Spark：Dynamic Resource Allocation【动态资源分配】

1. 问题背景
2. 原理分析
   2.1 Executor生命周期
   2.2 ExecutorAllocationManager上下游调用关系
3. 总结与反思
4. Community Feedback

1.问题背景

用户提交Spark应用到Yarn上时，可以通过spark-submit的num-executors参数显示地指定executor个数，随后，ApplicationMaster会为这些executor申请资源，每个executor作为一个Container在Yarn上运行。Spark调度器会把Task按照合适的策略分配到executor上执行。所有任务执行完后，executor被杀死，应用结束。在job运行的过程中，无论executor是否领取到任务，都会一直占有着资源不释放。很显然，这在任务量小且显示指定大量executor的情况下会很容易造成资源浪费。

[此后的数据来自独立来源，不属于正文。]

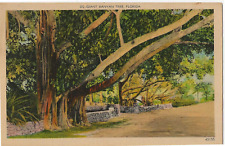 Giant Banyan Tree Florida Linen Postcard picture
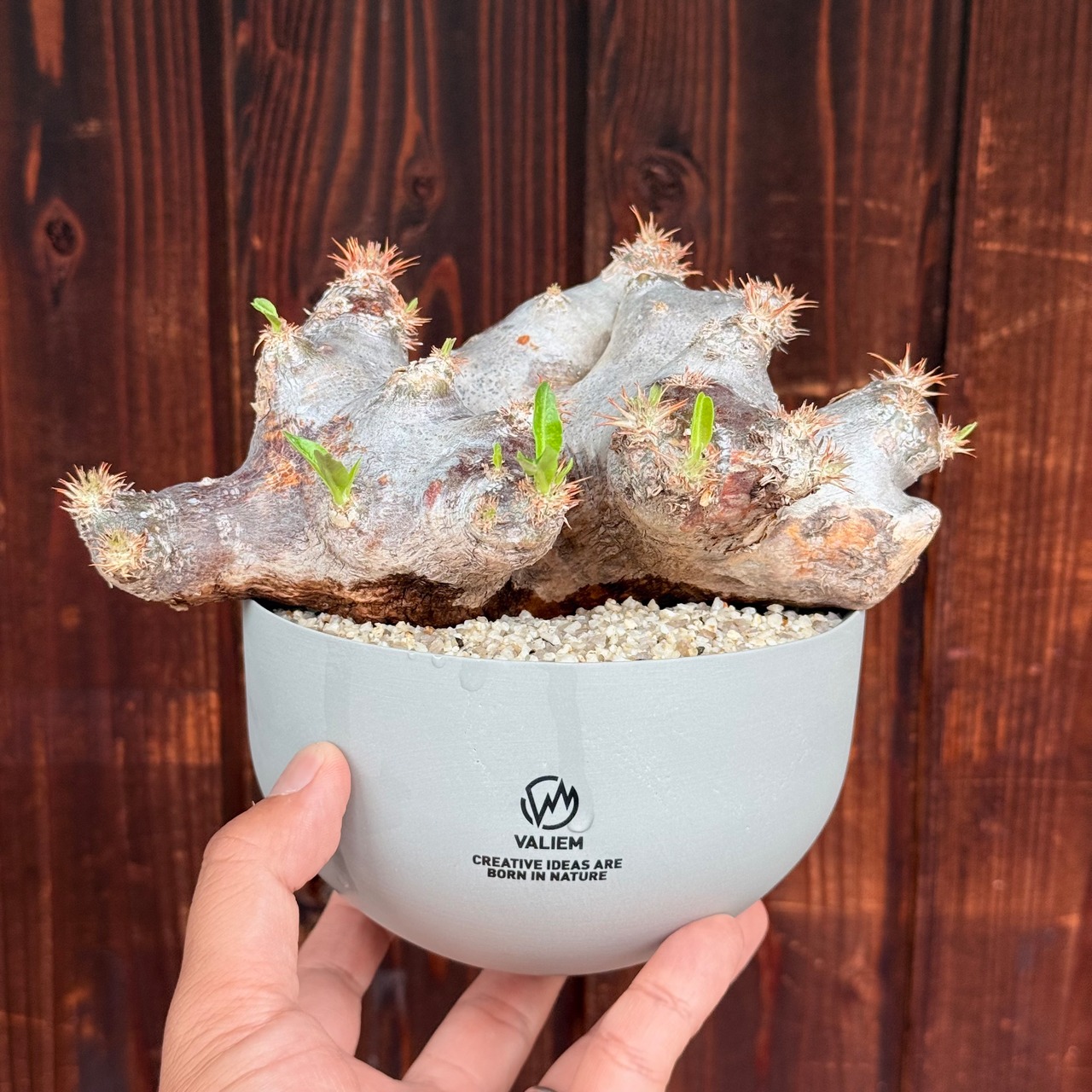植物×鉢】パキホディウム ブレビカリックス 現地球 発根済み × valiem 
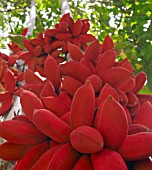 STERCULIA MEGISTOPHYLLA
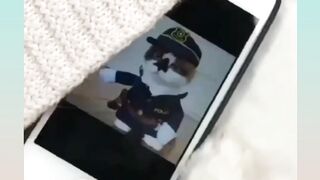 Cat Video
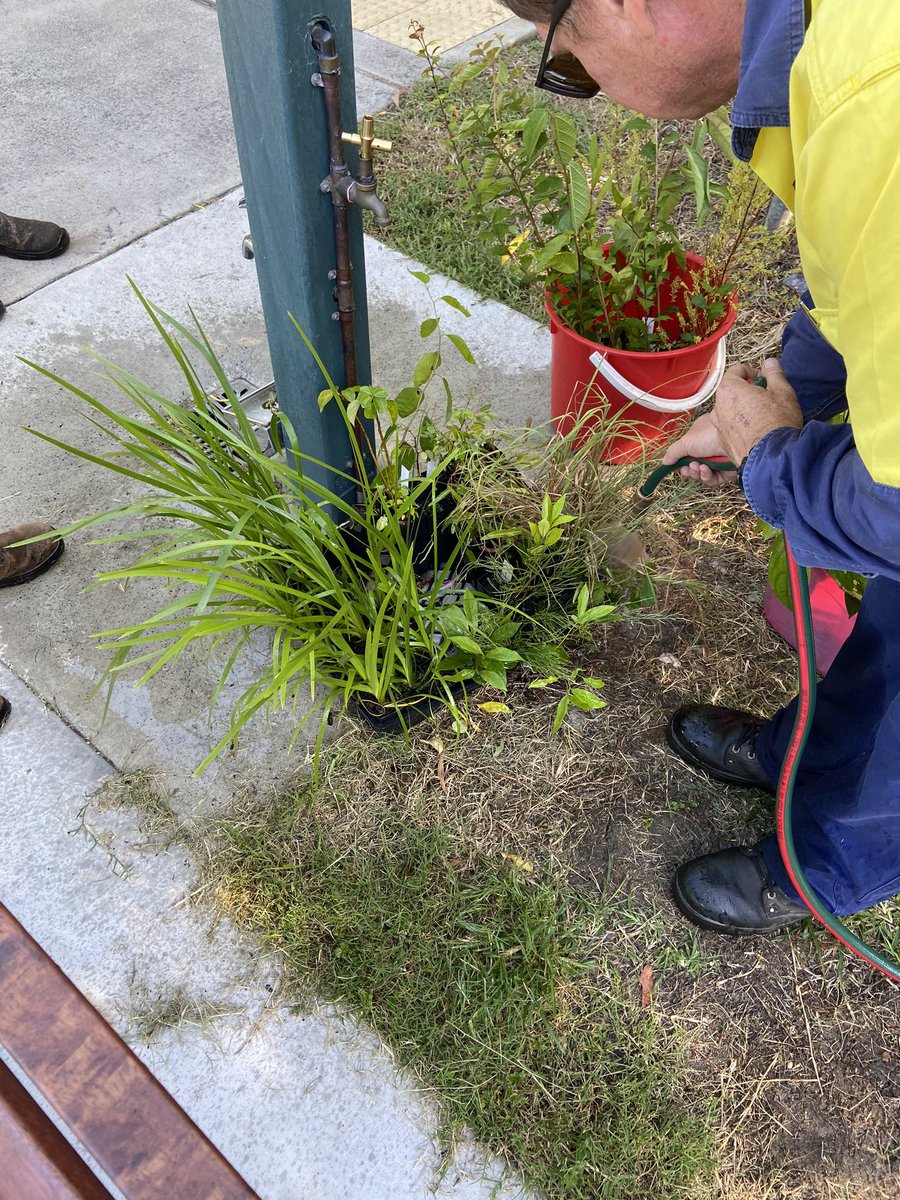 Cori_Moran's tweet photo. This #CleanUpAustraliaDay we held our @brisbanecityqld Habitat Bushcare ‘planting’ working bee 🐝🦋🌿 Bumped into @the_Councillor_  and @TimNichollsMP who were hard at work too! Always feel so good after bushcare 💚 #greengym #volunteer #makeanimpact #biodiversity #native https://t.co/J2qLuGRVqj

在探究Spark如何实现之前，首先思考下如果自己来解决这个问题，需要考虑哪些因素？大致的方案很容易想到：如果executor在一段时间内一直处于空闲状态，那么就可以kill该executor，释放其占用的资源。当然，一些细节及边界条件需要考虑到：

executor动态调整的范围？无限减少？无限制增加？
executor动态调整速率？线性增减？指数增减？
何时移除Executor？
何时新增Executor了？只要由新提交的Task就新增Executor吗？
Spark中的executor不仅仅提供计算能力，还可能存储持久化数据，这些数据在宿主executor被kill后，该如何访问？
。。。

2.原理分析

2.1 Executor生命周期

首先，先简单分析下Spark静态资源分配中Executor的生命周期，以spark-shell中的wordcount为例，执行命令如下：

# 以yarn模式执行，并指定executor个数为1
$ spark-shell --master=yarn --num-executors=1

# 提交Job1 wordcount
scala> sc.textFile("file:///etc/hosts").flatMap(line => line.split(" ")).map(word => (word,1)).reduceByKey(_ + _).count();

# 提交Job2 wordcount
scala> sc.textFile("file:///etc/profile").flatMap(line => line.split(" ")).map(word => (word,1)).reduceByKey(_ + _).count();

# Ctrl+C Kill JVM

上述的Spark应用中，以yarn模式启动spark-shell，并顺序执行两次wordcount，最后Ctrl+C退出spark-shell。此例中Executor的生命周期如下图：

Spark：Dynamic Resource Allocation【动态资源分配】_第1张图片

static-allocation

从上图可以看出，Executor在整个应用执行过程中，其状态一直处于Busy（执行Task）或Idle（空等）。处于Idle状态的Executor造成资源浪费这个问题已经在上面提到。下面重点看下开启Spark动态资源分配功能后，Executor如何运作。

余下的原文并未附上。